Work task:
In the records below, find the line containing "Chachou participe au" and repeat it and every line after it exactly, without pictures.

(Beginning of Data for this task)

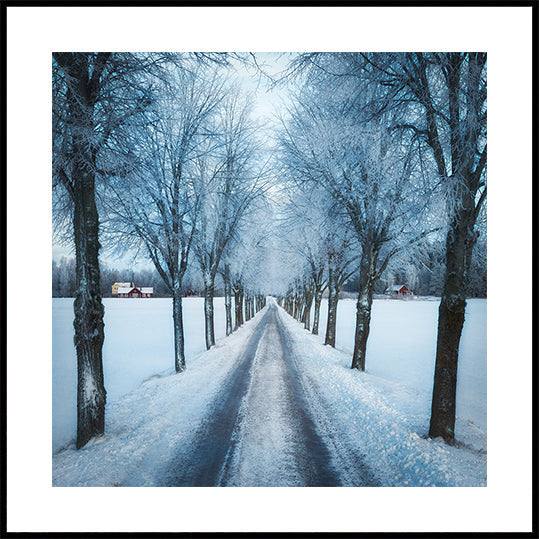 Schwedische Winterplakate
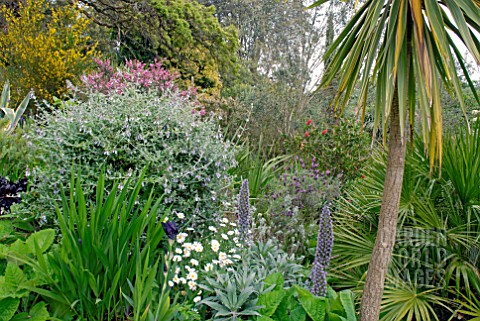 ABBOTSBURY_SUBTROPICAL_GARDEN_IN_DORSET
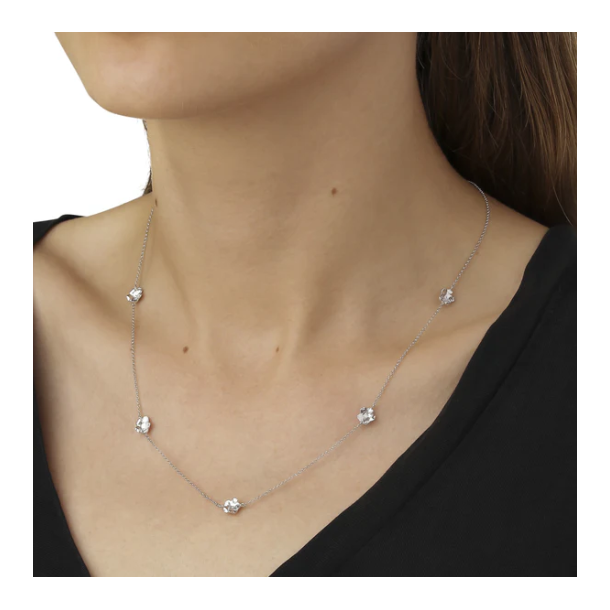 Flora Danica Forglemmigej Rhod. Slv Halskde 907.FMN-Ne-S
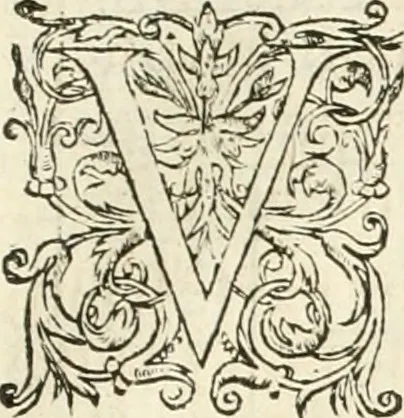 An illustration from L'architecture de Philibert de l'Orme, cõseillier & aumosnier ordinaire du roy, & abbé de S. Serge lez Angiers, 1576, leaf 502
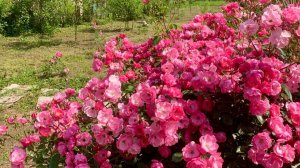 Дом на юге России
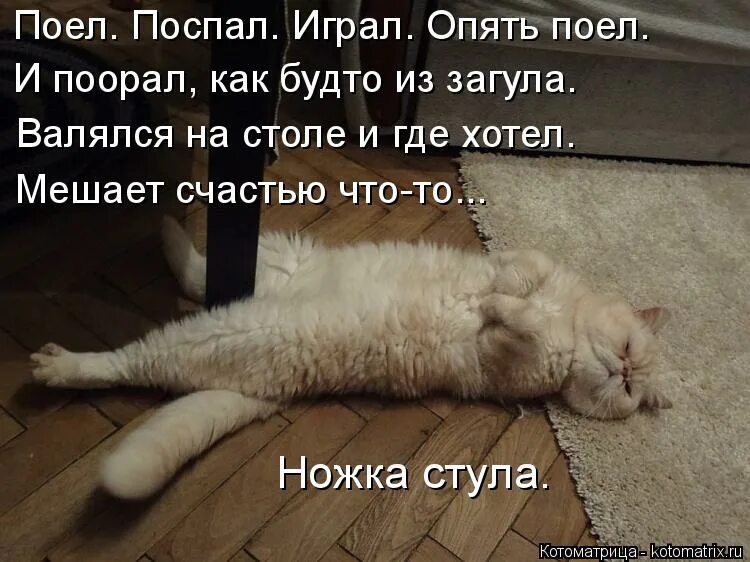 Спать после того как поешь. Открытки и поспать и пожрать. Поел поспал. Хочешь поспать поспи хочешь поесть поешь.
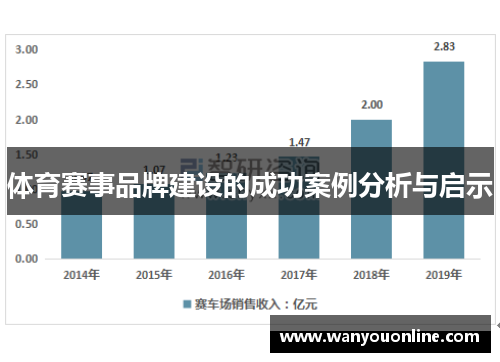 体育赛事品牌建设的成功案例分析与启示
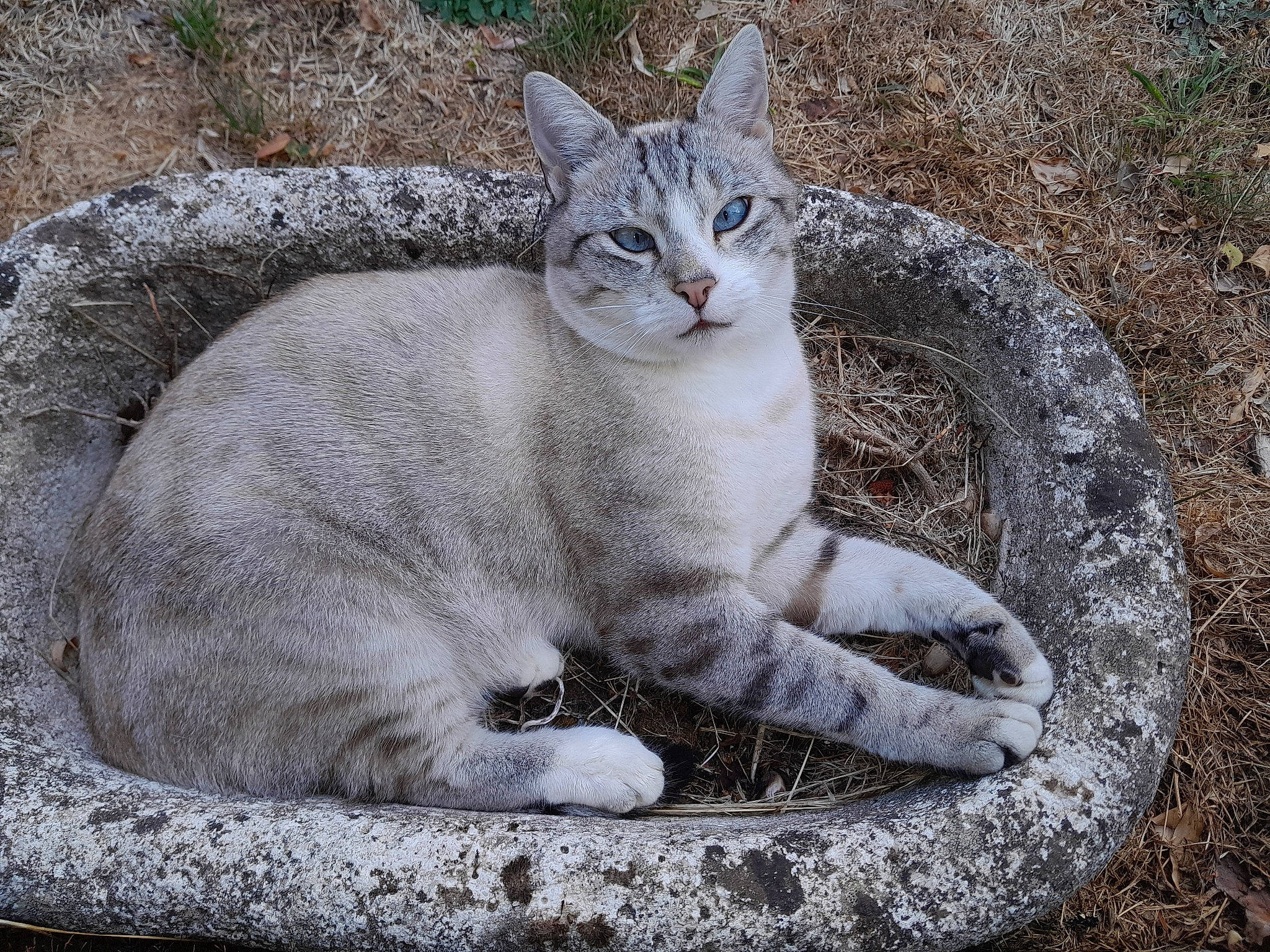 Chachou participe au concours pour gagner de l'argent avec cette photo : carnivore, cat, domestic_short_haired_cat, eye, felidae, fur, grass, groundcover, paw, photo_caption, plant, sitting, small_to_medium_sized_cats, snout, soil, tail, terrestrial_animal, whiskers, wildlife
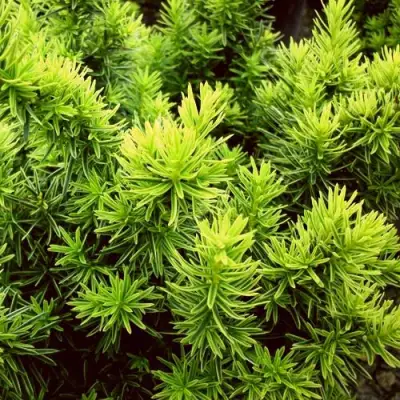 Тис ДАВИД ягодный в Жлобине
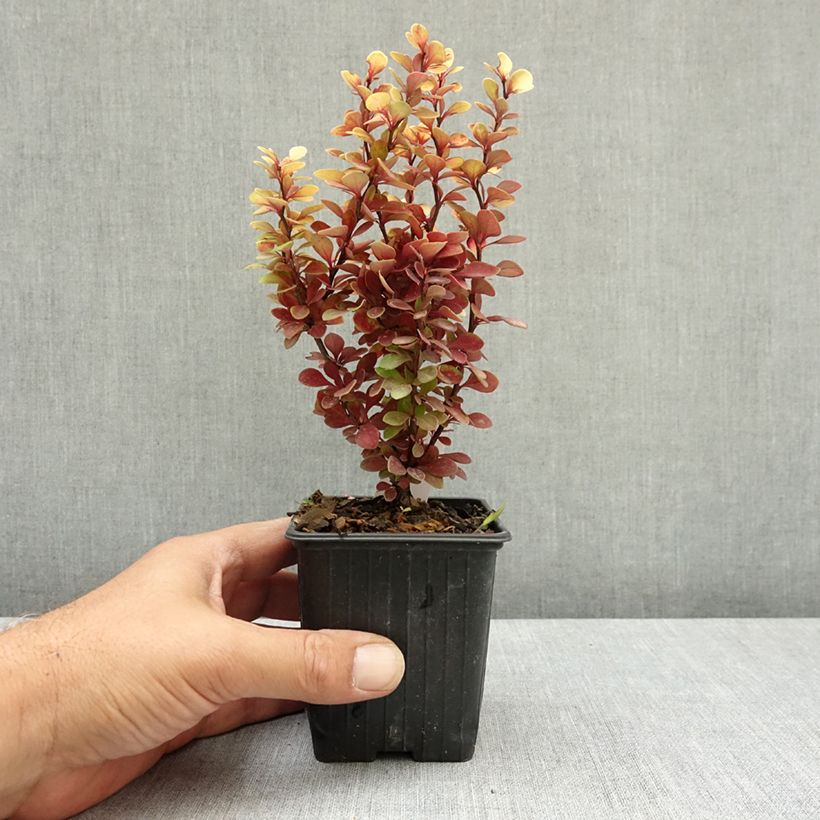 Spécimen de Berberis thunbergii Orange Torch - Epine-vinette Godet de 8/9 cm tel que livré en été
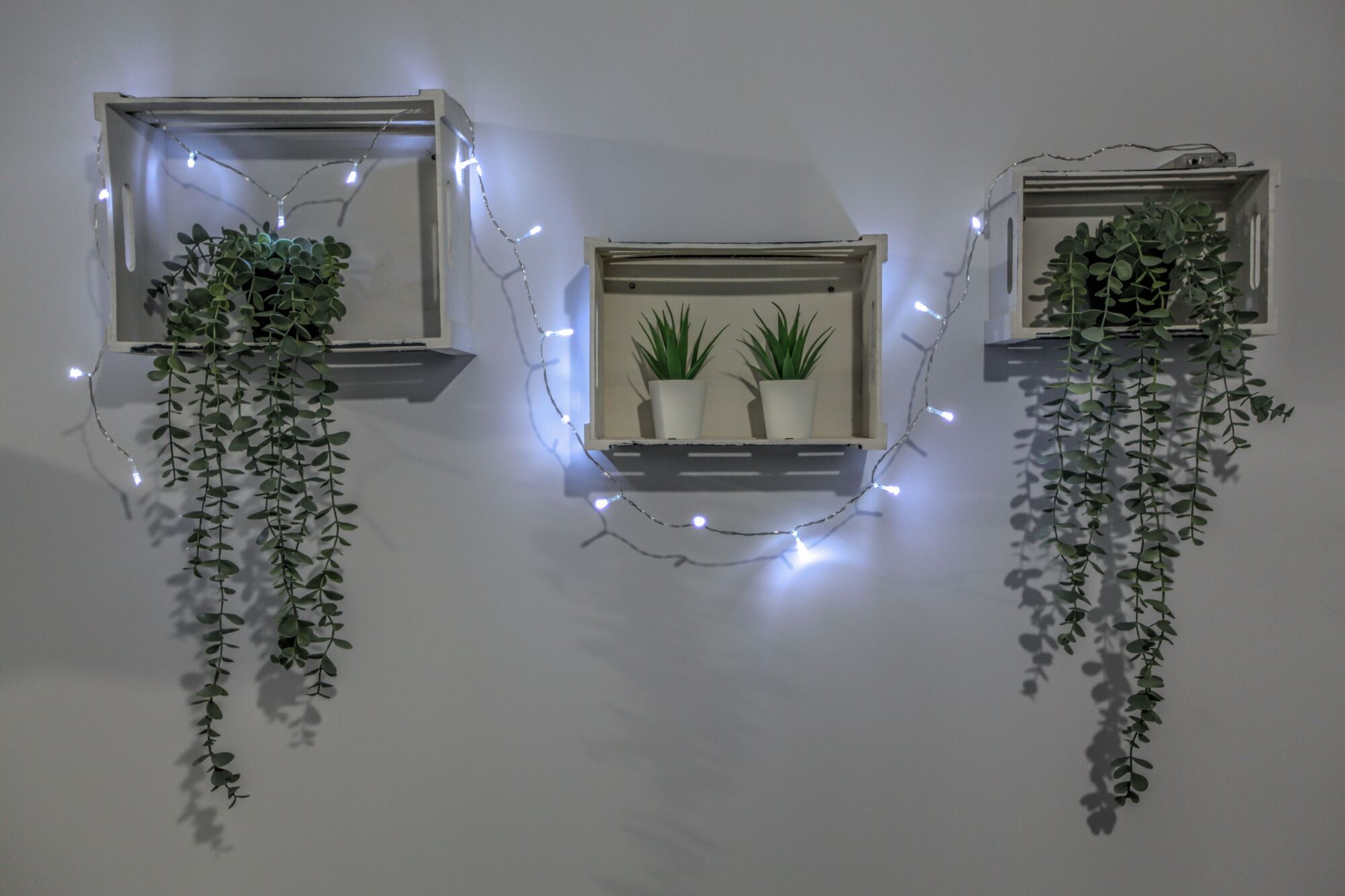 Three wall-mounted planters with potted plants and string lights, arranged in a row on a plain wall.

(End of Data for this task)

Answer for the task:
 Chachou participe au concours pour gagner de l'argent avec cette photo : carnivore, cat, domestic_short_haired_cat, eye, felidae, fur, grass, groundcover, paw, photo_caption, plant, sitting, small_to_medium_sized_cats, snout, soil, tail, terrestrial_animal, whiskers, wildlife
 Тис ДАВИД ягодный в Жлобине
 Spécimen de Berberis thunbergii Orange Torch - Epine-vinette Godet de 8/9 cm tel que livré en été
 Three wall-mounted planters with potted plants and string lights, arranged in a row on a plain wall.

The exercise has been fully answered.